(Scraped caption text data)

════

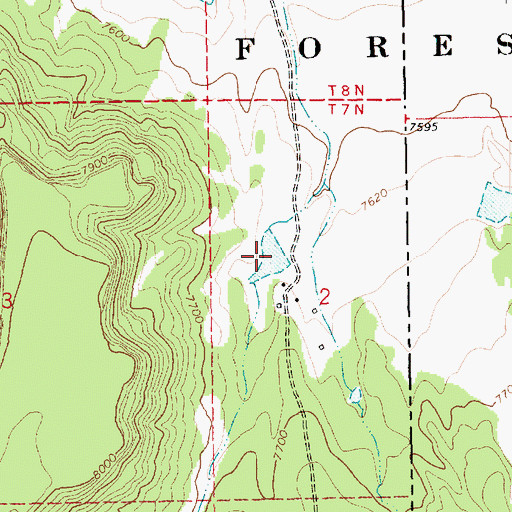 Topographic Map of Towser Tank, AZ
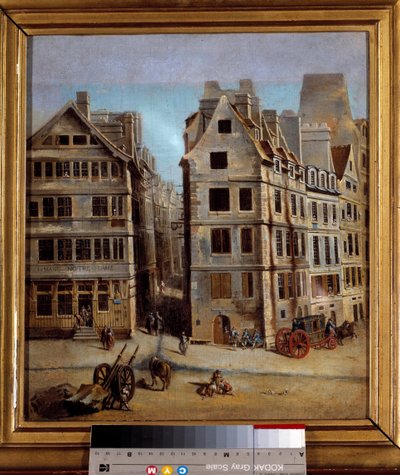 Kabaret Pohled do aleje a dění města v 18. století. Obraz Nicolase Jean Baptiste Ragueneta (1715-1793) 1751. Muzeum karnevalu od Nicolas Raguenet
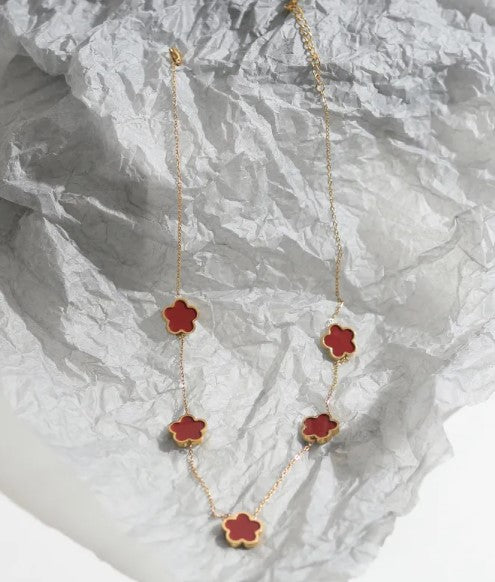 Floral Elegance Titanium Choker
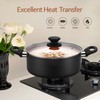 BECIGAR Ceramic Pots and Pans Set, 15PCS Nonstick Set Ceramic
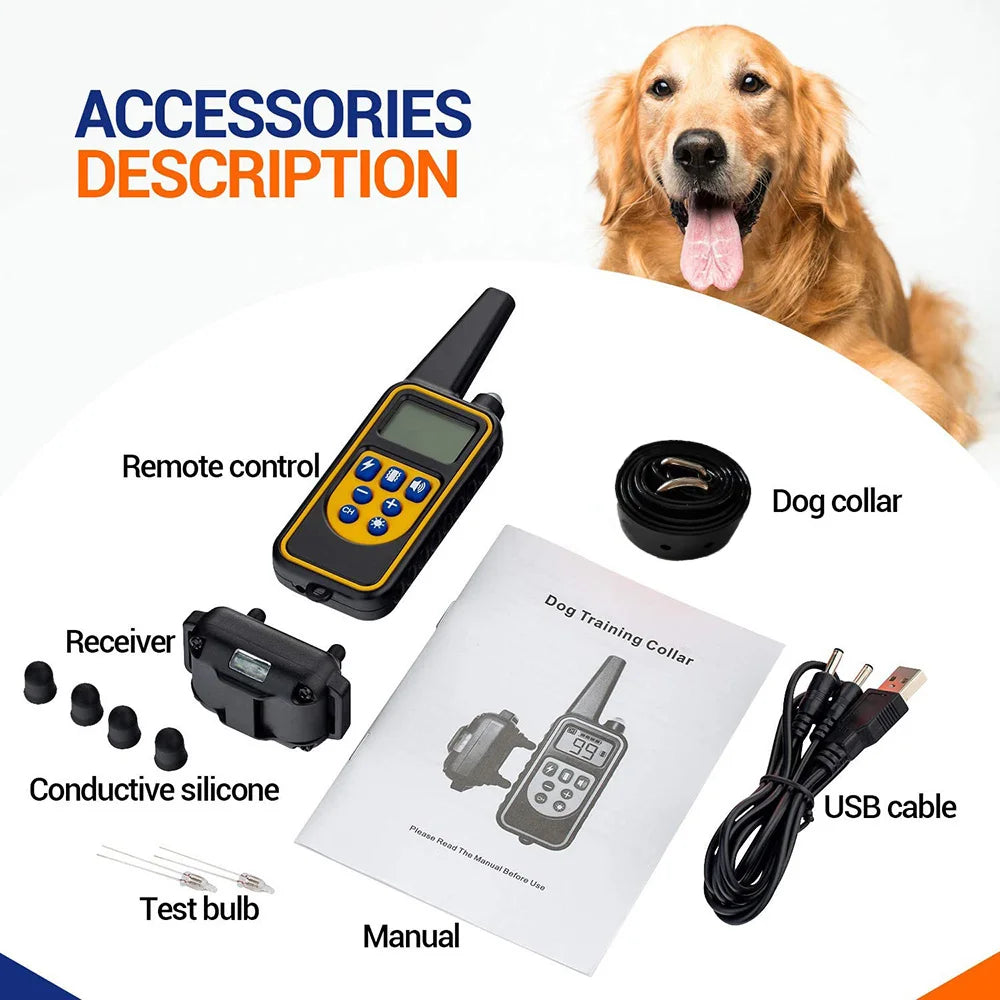 Dogsy™ Electric Dog Training Collar Shock Remote Control Waterproof Rechargeable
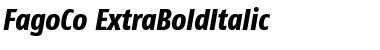 FagoCo ItalicExtrabold Font Title Preview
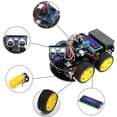 thumbnail image 1 of LAFVIN Smart Robot Car Kit – 2WD UNO R3 Car Kit with Ultrasonic Sensor, Bluetooth Module for Arduino Learners | Arduino Programming | Arduino Kit, 1 of 1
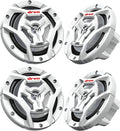 JVC 2 Pairs CS-DR6201MW Marine Speaker 6.5 in 2-Way White - Durable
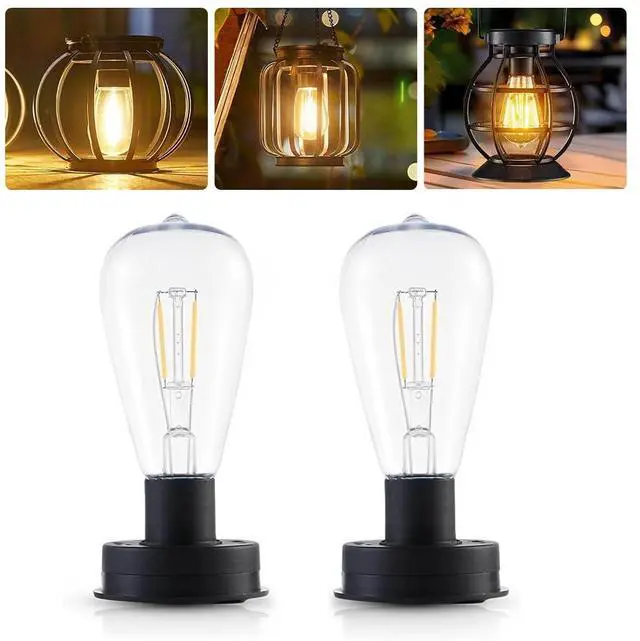 Main image of 2 Pack Solar Light Bulb Solar Light Replacement Top 8.5cm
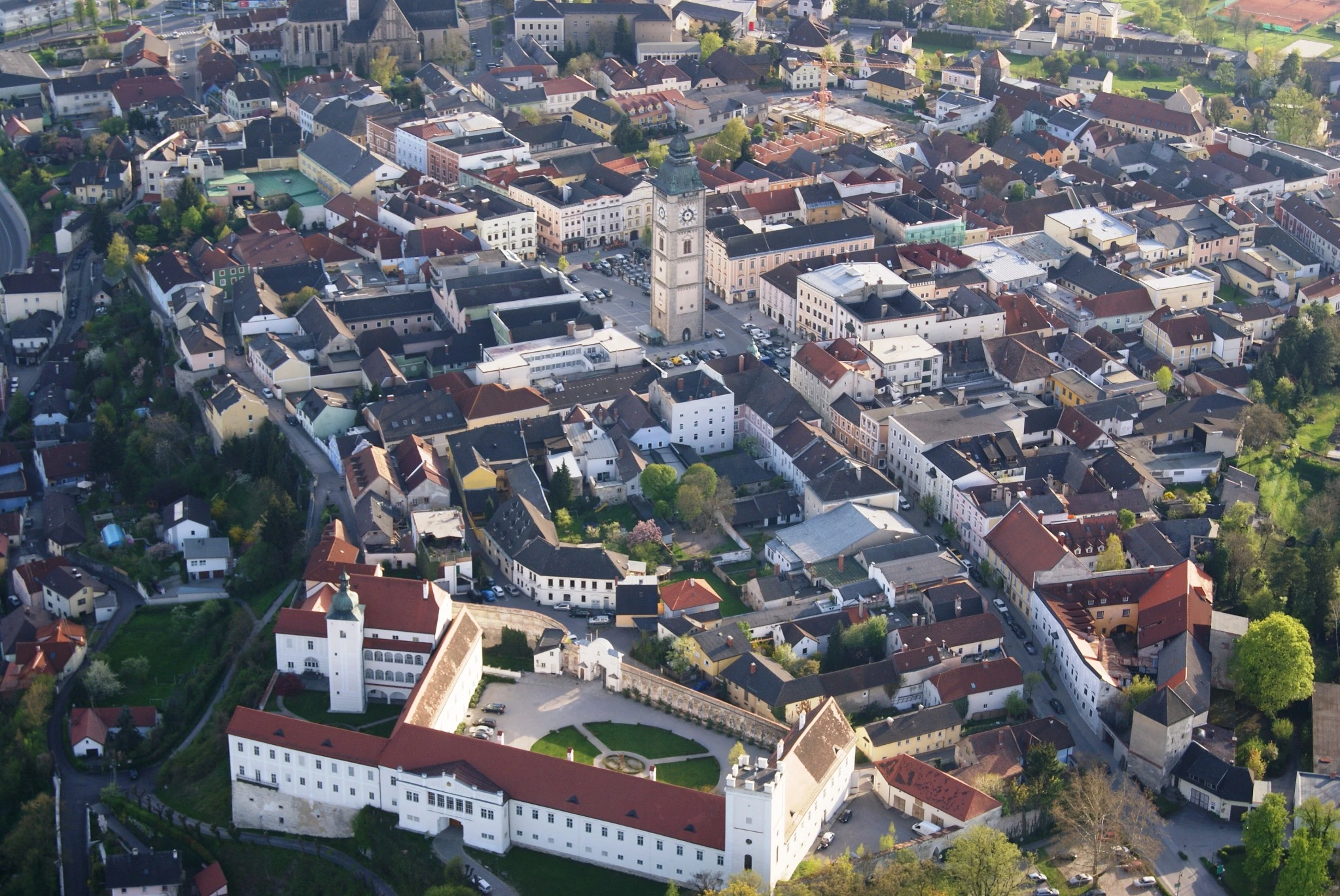 Enns Luftaufnahme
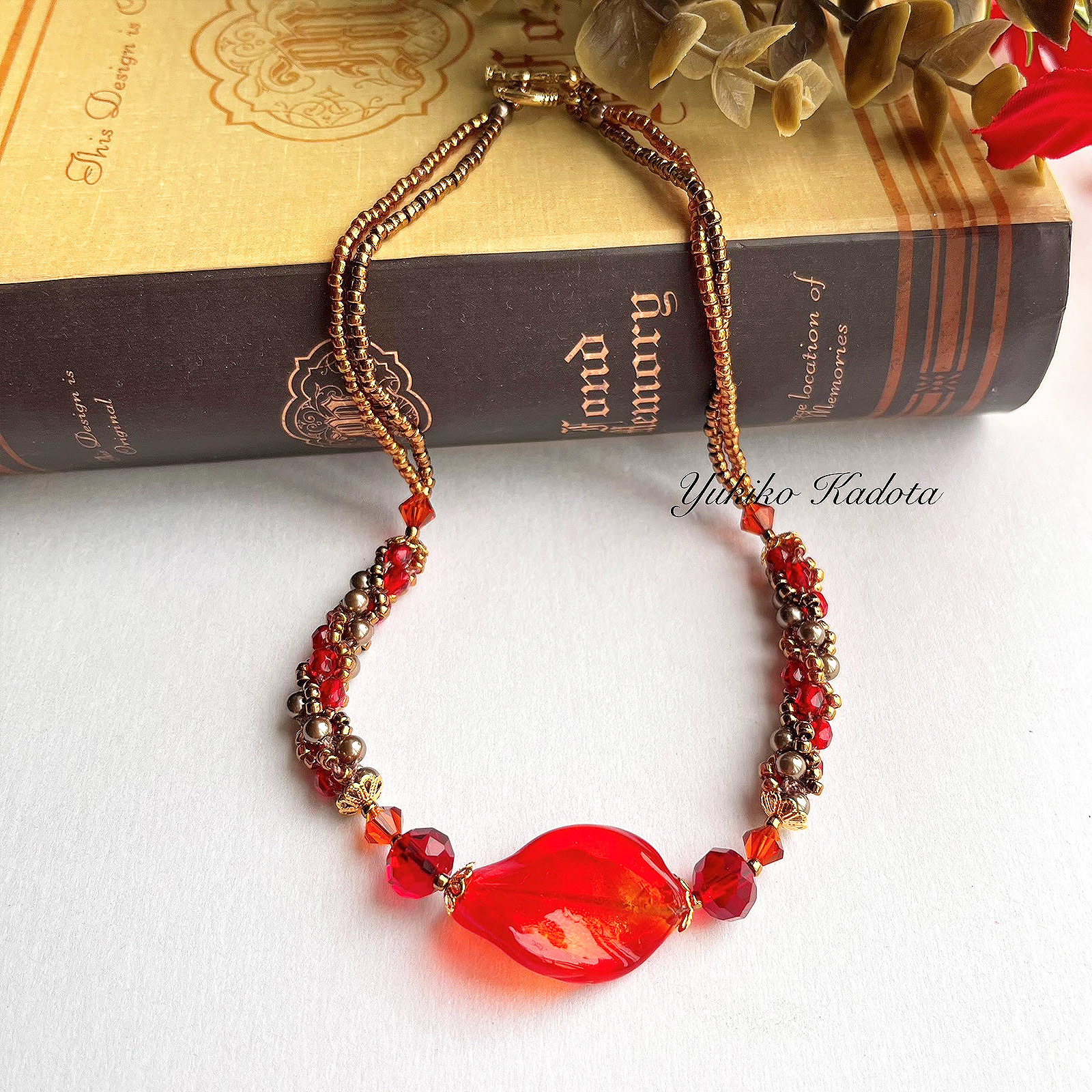 基本の2パターンペレンクロッシェで編むトーション レッド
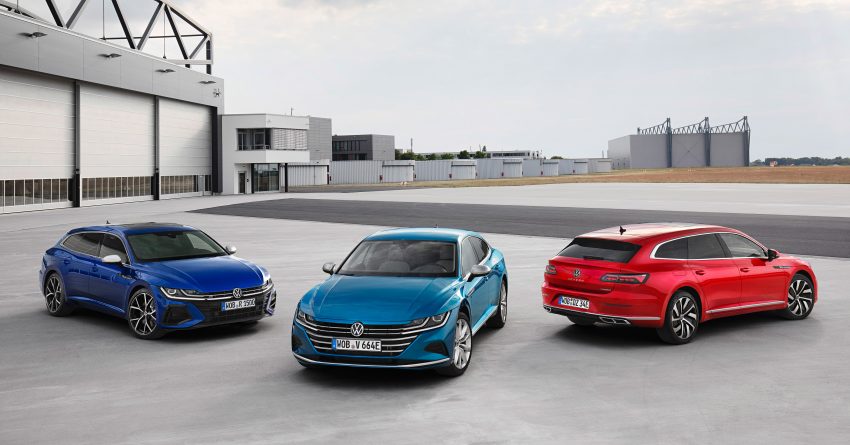 2020 Volkswagen Arteon 小改款官图发布，新增 PHEV 插电式混动版、Shooting Brake 猎装版，以及“R”高性能版 125723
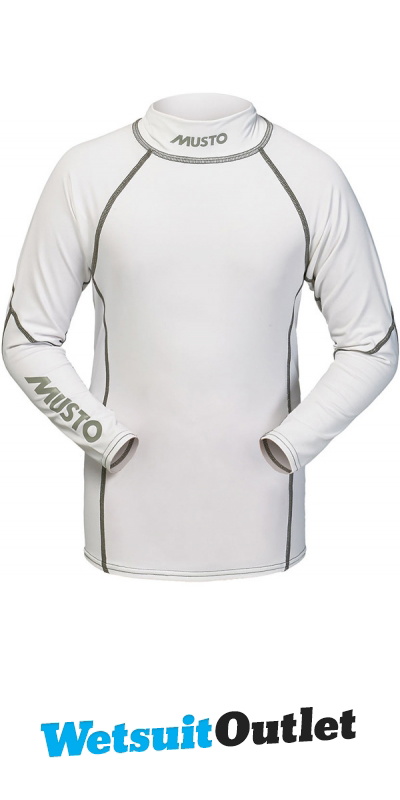 Musto JUNIOR LONG SLEEVED RASH VEST White / Silver KS106J1 - Wetsuits ...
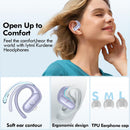 Wireless Ear-hook Earphones,  True Stereo Over the Ear Headphones Bluetooth Earbuds  - ACXW143 2492-5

════

-- Activity --
An exact reprint of the records above is required, with all pictures left out.

-- Answer section --
 Topographic Map of Towser Tank, AZ
 Kabaret Pohled do aleje a dění města v 18. století. Obraz Nicolase Jean Baptiste Ragueneta (1715-1793) 1751. Muzeum karnevalu od Nicolas Raguenet
 Floral Elegance Titanium Choker
 BECIGAR Ceramic Pots and Pans Set, 15PCS Nonstick Set Ceramic
 Dogsy™ Electric Dog Training Collar Shock Remote Control Waterproof Rechargeable
 FagoCo ItalicExtrabold Font Title Preview
 thumbnail image 1 of LAFVIN Smart Robot Car Kit – 2WD UNO R3 Car Kit with Ultrasonic Sensor, Bluetooth Module for Arduino Learners | Arduino Programming | Arduino Kit, 1 of 1
 JVC 2 Pairs CS-DR6201MW Marine Speaker 6.5 in 2-Way White - Durable
 Main image of 2 Pack Solar Light Bulb Solar Light Replacement Top 8.5cm
 Enns Luftaufnahme
 基本の2パターンペレンクロッシェで編むトーション レッド
 2020 Volkswagen Arteon 小改款官图发布，新增 PHEV 插电式混动版、Shooting Brake 猎装版，以及“R”高性能版 125723
 Musto JUNIOR LONG SLEEVED RASH VEST White / Silver KS106J1 - Wetsuits ...
 Wireless Ear-hook Earphones,  True Stereo Over the Ear Headphones Bluetooth Earbuds  - ACXW143 2492-5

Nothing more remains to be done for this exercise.